Minion Task Execution enhancements & Guardrails

  • Adaptive Disk Usage
    Stops mapper phase when disk usage exceeds maxDiskUsagePercentage (default: 85%). This prevents disk full failures during large ingestion jobs.
  • Faster reduce phase task generation in Alter Table Task Added support to parallelize metadata file Downloads in Alter Table Task Reduce phase. This was single threaded before and caused a bottleneck. This is controlled by the table level config flag (numMetadataFileDownloadThreads, default: 4).
  • Default Max Concurrent Tasks per Minion Based on Memory
    Automatically derives safe concurrency levels from system memory. This is crucial in preventing out of memory errors.
  • Soft File Count Limit for Delta Ingestion
    Enforces a ~200k soft limit on file count to prevent excessive segment generation.
  • Conflict prevention Prevent conflicting scenarios such as running refresh / alter task during Delta ingestion or running SIT/Delta/SRT during an ongoing backfill task.
  • Improve File Ingestion Task (FIT) Documentation, Defaults, and Validations
    Includes new defaults for consistent push retries and validation of critical config fields.
  • Cluster-Level Max Subtask Limit Enforcement
    Ensures subtask count respects cluster safety thresholds.
  • New Metrics New metrics added to capture consistent push failure, skipped tasks due to conflict and improved task metric accuracy
  • Added Tenant rebalance cancellation - Added the ability to cancel tenant rebalance
  • Allow manual or ad-hoc trigger of the controller’s periodic task - Added support for triggering controller tasks on demand (one-time execution), rather than requiring them to be scheduled

Performance & Stability

  • Controller Thread Pool Defaults
    Sets bounded defaults (general executor: 1000, rebalance: 200) to avoid stability issues.
  • Tiered Storage Enhancements
    • Cleanup dangling deep store sessions and stale reduce outputs
      New configs:
      • bufferDaysToPurgeOutputSegments (default: 3 days)
      • cleanupDanglingIntermediateFiles (default: true)
    • Avoid Prefetching Forward Index When JSON or Text Index Exists
      Reduces unnecessary I/O for JSON_EXTRACT_INDEX and text_match operations.

Bug Fixes

  • Fix IndexOutOfBounds in Backfill for Empty Predicates
  • Improved backwards compatibility in dangling file cleanup
  • Fixes related to task limit validation, config overrides, inconsistent retry configs
  • **Segment Import Task: **Allows changing bucket duration (e.g., 1h → 6h) without data loss or duplicates.
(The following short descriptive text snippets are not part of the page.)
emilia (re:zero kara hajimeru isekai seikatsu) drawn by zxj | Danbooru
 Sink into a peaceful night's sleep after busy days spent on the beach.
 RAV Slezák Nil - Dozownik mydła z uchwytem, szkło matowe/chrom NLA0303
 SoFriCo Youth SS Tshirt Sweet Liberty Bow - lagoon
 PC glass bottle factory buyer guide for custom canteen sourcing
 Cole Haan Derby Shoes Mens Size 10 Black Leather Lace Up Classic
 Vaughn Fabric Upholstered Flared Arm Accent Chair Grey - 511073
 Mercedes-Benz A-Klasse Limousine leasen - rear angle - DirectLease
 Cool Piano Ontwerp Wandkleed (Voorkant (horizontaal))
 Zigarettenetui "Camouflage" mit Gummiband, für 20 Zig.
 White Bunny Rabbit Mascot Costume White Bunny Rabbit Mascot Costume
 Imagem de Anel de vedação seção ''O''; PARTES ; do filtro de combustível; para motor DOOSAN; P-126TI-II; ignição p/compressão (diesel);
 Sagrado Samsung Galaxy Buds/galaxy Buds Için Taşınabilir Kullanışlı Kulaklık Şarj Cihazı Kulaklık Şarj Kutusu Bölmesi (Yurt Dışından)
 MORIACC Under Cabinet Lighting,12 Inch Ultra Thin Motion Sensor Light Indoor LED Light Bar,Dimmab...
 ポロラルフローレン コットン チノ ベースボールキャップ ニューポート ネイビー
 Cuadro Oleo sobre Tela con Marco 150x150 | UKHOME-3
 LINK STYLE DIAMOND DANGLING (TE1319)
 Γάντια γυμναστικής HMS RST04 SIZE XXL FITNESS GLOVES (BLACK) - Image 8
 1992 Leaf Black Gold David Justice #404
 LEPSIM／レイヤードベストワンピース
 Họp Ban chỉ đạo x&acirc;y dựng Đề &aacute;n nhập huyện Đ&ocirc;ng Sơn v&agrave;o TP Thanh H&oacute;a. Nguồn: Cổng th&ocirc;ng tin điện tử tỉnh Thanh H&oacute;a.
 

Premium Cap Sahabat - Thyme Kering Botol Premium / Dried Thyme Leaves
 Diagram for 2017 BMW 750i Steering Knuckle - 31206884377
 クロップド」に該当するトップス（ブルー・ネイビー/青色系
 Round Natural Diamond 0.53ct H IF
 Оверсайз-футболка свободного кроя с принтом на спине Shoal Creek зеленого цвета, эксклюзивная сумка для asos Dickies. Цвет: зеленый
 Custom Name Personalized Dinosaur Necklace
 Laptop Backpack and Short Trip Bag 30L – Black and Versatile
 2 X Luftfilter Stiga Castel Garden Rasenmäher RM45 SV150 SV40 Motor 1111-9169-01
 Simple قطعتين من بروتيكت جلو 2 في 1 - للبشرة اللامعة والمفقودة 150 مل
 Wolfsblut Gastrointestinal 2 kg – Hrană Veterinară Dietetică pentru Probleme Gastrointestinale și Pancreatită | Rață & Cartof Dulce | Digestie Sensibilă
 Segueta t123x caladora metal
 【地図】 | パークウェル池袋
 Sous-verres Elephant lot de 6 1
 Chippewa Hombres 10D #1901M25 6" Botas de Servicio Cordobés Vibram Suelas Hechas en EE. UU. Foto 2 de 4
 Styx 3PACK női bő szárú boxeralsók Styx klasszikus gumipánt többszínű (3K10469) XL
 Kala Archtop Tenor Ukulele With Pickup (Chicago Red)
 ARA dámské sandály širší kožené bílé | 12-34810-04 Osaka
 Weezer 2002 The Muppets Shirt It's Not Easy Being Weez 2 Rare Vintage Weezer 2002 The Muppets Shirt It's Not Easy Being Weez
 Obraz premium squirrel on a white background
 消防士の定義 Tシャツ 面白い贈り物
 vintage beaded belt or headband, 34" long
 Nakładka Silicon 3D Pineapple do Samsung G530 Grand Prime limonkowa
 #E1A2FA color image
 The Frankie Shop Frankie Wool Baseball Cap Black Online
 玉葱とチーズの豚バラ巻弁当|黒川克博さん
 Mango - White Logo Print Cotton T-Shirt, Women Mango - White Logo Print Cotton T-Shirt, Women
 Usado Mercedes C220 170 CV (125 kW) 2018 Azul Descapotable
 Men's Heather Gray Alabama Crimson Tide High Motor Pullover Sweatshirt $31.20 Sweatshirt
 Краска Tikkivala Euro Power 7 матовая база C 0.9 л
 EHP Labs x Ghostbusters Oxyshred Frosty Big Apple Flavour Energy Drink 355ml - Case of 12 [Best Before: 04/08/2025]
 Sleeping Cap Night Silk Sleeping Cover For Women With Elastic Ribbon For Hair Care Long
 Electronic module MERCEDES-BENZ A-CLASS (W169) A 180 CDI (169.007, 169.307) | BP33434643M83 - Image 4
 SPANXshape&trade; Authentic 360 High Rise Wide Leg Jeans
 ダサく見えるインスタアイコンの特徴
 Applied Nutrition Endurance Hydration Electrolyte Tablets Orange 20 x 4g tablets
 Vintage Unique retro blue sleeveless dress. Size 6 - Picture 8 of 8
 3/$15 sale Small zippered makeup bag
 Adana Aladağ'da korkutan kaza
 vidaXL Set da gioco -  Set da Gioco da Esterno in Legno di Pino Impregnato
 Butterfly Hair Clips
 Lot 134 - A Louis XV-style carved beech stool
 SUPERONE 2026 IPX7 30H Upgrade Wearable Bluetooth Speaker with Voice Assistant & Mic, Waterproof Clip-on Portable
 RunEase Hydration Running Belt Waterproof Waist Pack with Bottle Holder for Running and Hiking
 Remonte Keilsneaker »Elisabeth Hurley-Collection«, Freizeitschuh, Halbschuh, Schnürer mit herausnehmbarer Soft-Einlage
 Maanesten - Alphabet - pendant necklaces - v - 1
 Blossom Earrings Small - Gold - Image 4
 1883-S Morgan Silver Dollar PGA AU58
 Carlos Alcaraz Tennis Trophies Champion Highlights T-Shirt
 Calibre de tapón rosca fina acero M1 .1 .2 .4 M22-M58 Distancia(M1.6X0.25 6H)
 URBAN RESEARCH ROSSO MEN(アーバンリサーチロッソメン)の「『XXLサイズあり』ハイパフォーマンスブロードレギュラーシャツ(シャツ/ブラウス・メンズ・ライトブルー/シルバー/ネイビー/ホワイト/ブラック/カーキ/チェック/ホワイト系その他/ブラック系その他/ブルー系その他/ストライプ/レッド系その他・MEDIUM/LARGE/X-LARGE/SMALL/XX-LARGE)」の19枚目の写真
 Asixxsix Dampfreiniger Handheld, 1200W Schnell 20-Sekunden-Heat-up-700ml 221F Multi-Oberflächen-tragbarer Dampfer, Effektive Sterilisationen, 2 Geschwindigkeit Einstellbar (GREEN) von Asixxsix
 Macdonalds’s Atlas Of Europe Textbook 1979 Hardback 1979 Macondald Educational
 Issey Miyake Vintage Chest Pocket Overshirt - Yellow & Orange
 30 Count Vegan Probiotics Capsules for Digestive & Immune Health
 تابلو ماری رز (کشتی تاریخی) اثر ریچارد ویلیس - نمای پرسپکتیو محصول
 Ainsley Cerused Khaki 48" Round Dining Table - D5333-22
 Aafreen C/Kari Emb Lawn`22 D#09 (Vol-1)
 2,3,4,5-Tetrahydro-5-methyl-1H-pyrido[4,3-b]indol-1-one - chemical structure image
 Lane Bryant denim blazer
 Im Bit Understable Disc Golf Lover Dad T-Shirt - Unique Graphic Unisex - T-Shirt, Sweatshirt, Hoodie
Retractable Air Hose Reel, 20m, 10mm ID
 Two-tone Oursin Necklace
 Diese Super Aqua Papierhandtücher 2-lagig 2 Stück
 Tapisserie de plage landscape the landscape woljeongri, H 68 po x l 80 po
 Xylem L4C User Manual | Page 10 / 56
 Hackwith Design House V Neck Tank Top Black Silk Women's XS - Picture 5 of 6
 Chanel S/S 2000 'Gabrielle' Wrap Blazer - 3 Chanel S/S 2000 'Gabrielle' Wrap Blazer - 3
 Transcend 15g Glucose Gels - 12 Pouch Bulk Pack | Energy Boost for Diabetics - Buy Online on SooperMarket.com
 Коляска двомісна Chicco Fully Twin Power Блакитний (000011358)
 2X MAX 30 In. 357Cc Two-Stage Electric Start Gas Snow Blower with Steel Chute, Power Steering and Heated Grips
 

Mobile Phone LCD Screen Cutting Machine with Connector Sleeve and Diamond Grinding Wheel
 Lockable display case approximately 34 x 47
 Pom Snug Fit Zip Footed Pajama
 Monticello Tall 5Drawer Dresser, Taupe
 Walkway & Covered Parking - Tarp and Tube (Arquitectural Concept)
Apache Pinot (OSS) highlights

New Features

  • Robust OOM Protection
    Unified lifecycle/metadata for all query execution threads → safer cancellation, better resource tracking, improved observability. For more information, please see the doc
  • Apache Arrow Decoder (Experimental)
    Adds initial Arrow-format ingestion support. This is intended for improving ingestion efficiency by reducing the processing overhead.
  • N-gram Filtering Index (Experimental)
    Added support for Realtime n-gram index to pre-filter non-matching strings efficiently.
  • Kafka Client Default Upgraded to Kafka 3
  • IP Address Functions
    Added helper functions such as ipPrefix, ipSubnetMin, ipSubnetMax, etc.
  • Array Manipulation Functions
    Added helper functions to push elements to front/back for all primitive/string array types.

Improvements

  • Support MAP Type for Derived Columns During Reload
  • Partial Upserts Stability
    Disable reload on consuming segments; force commit to avoid corruption.
  • Segment Reload Failure Tracking
    This release adds in-memory tracking for failed reloads.
  • Automatic Rewrite of MIN/MAX/SUM on Long/String Types
    Rewrites to type-correct variants to avoid precision loss.
  • Star-tree Index Build Robustness
    • Skip star-tree creation if index build fails
    • Roll back to existing index when updates fail
    • New metrics to track failures
  • Startree MV Aggregation Support
    The following functions: SUMMV, COUNTMV, AVGMV are now supported on multi-value columns
  • Async Segment Refresh Message Processing
    Enabled by default in StarTree Cloud.
  • Audit logging filtering improvements - URL based filtering support while collecting audit log
  • Perf Improvements in MSE (join optimization) Improved query performance via optimizing hash function usage in the query planner (https://github.com/apache/pinot/pull/16830)